Senior Gretsch-Talker
Platinum Member
Dec 1, 2010
30,504
Sydney, Australia
"Music From the Big Pink" was a formative album on my musical development. My band considered getting a keyboardist to join so that we could play the iconic "Chest Fever" but our roadie threatened to revolt if we did: " There's no way I'm carrying a B3 and Leslie up 3 flights of stairs to a gig" he said. "You'll also have to buy a bigger van!". That put paid to that idea in no time! :eek:
 

lathoto

Synchromatic
Apr 23, 2020
656
Ohio
I saw them open and back Dylan in 1972 (and many times there after) when they were so tight you could hear the harmonies the next day. Robbie gets some bad press these days and most likely deserves at least some of that criticism. Sometimes the administrative duties (leader, manager, secretary, treasurer, etc.) within a band can warp the music. Give a listen to Levon's later material as a reminder.
 

BennytheJet

Gretschie
Dec 6, 2019
102
Arlington, WA
While I enjoyed this one, it definitely felt too curated at times. When you pair it with Levon Helm's book, This Wheel's on Fire, you seem to get a much more holistic look at The Band.

Reading TWOF, Robbie Robertson is definitely the bad guy; watching the doc, RR appears the responsible, sane one in the group. The answer is probably somewhere in the middle, and I felt like I could easily see that when considering both texts.

If any of you haven't checked out the book, I would highly recommend it. Helm is a storyteller and his voice really shines through on every page.
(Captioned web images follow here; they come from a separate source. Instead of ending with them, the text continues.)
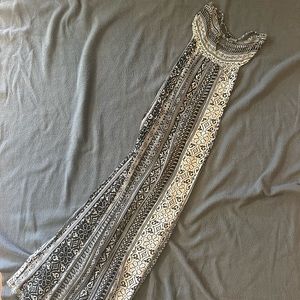 Black and white maxi dress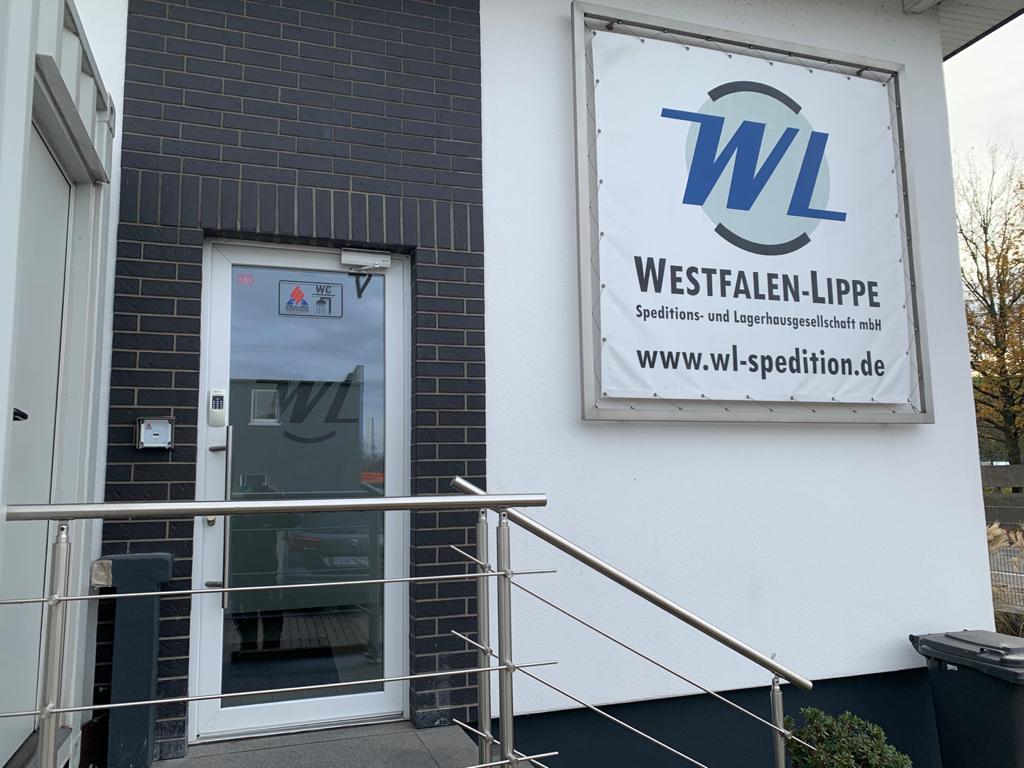 Eingang Sanitäranlagen WL-Spedition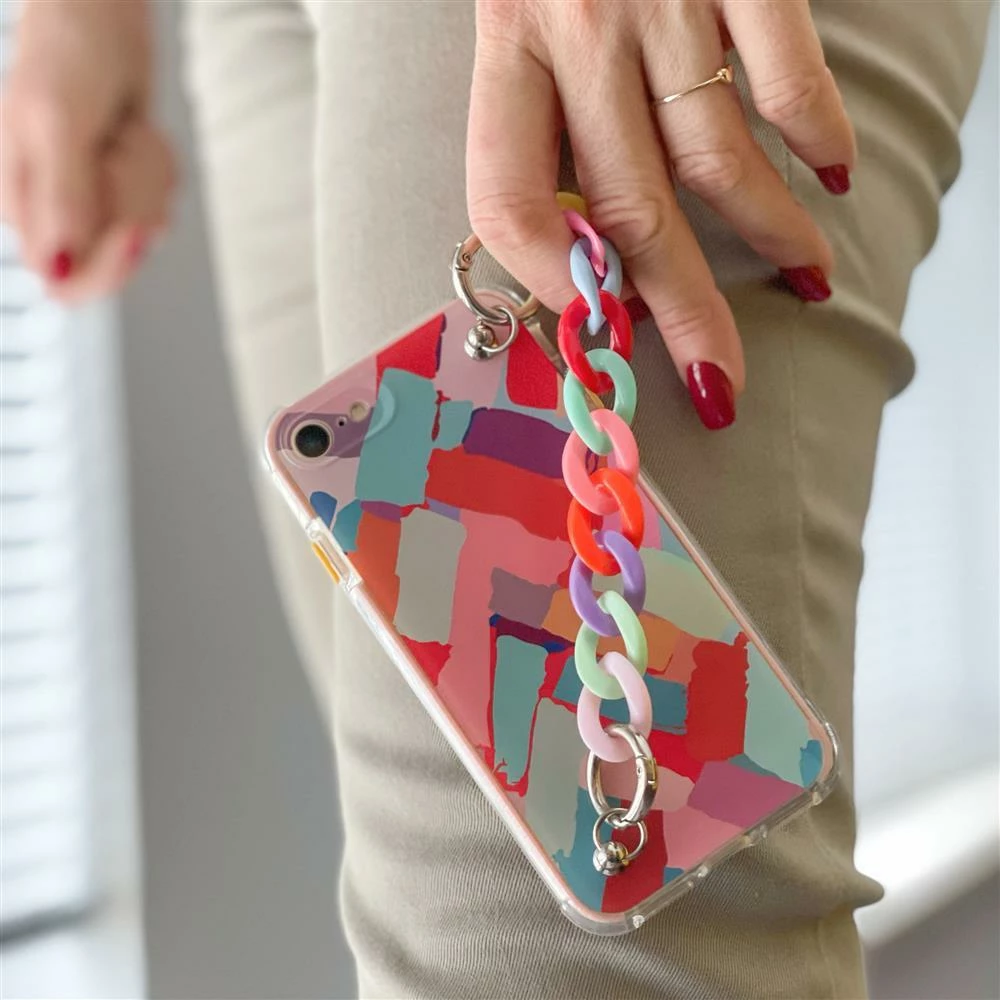 Mbështjellës Hurtel Color Chain Case për Samsung Galaxy A42 5G, me varëse, shumëngjyrësh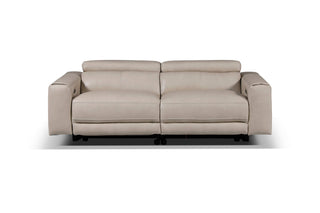 sebastian recliner modern beige leather sofa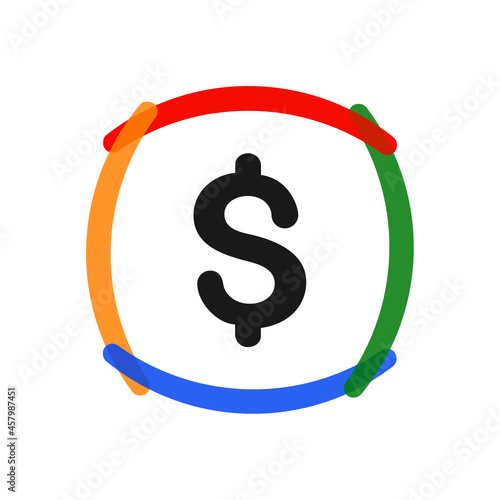 Dollar - Sticker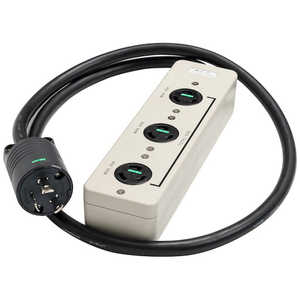 明工社 明工 接地 2P 30A 引掛マルチタップ L5-20 3コ口 L5-30P付 VCTケーブル 3m MR7692W3TL3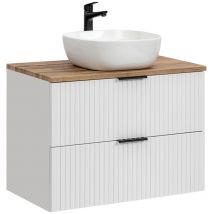 Comad - Meuble simple vasque 80cm Adriel Blanc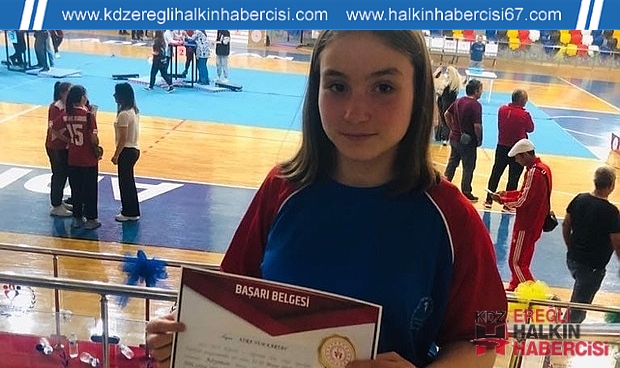 Zonguldaklı sporcu Türkiye 2.'si oldu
One of the best music reads out there.
 

wabash slim

I Bleed Orange
Feb 10, 2010
19,398
lafayette in
The Band was around in one form or another since 1960. They've got the history, and the talent. If I considered the personalities of the musicians I like, I'd have a much smaller playlist to listen to.
"Music From the Big Pink" was a formative album on my musical development. My band considered getting a keyboardist to join so that we could play the iconic "Chest Fever" but our roadie threatened to revolt if we did: " There's no way I'm carrying a B3 and Leslie up 3 flights of stairs to a gig" he said. "You'll also have to buy a bigger van!". That put paid to that idea in no time! :eek:
I can understand your roadie's thought process completely, I've hauled too much gear up multiple flights of stairs---including a B-3 and Leslie.
 

Hammerhands

Country Gent
Aug 26, 2011
2,552
Winnipeg
I just watched this tonight. The footage and everything is great.

You would be suprised to learn after the documentary that The Band toured without RR in the 1980s. How did those drugged-out unambitious layabout drunks manage that?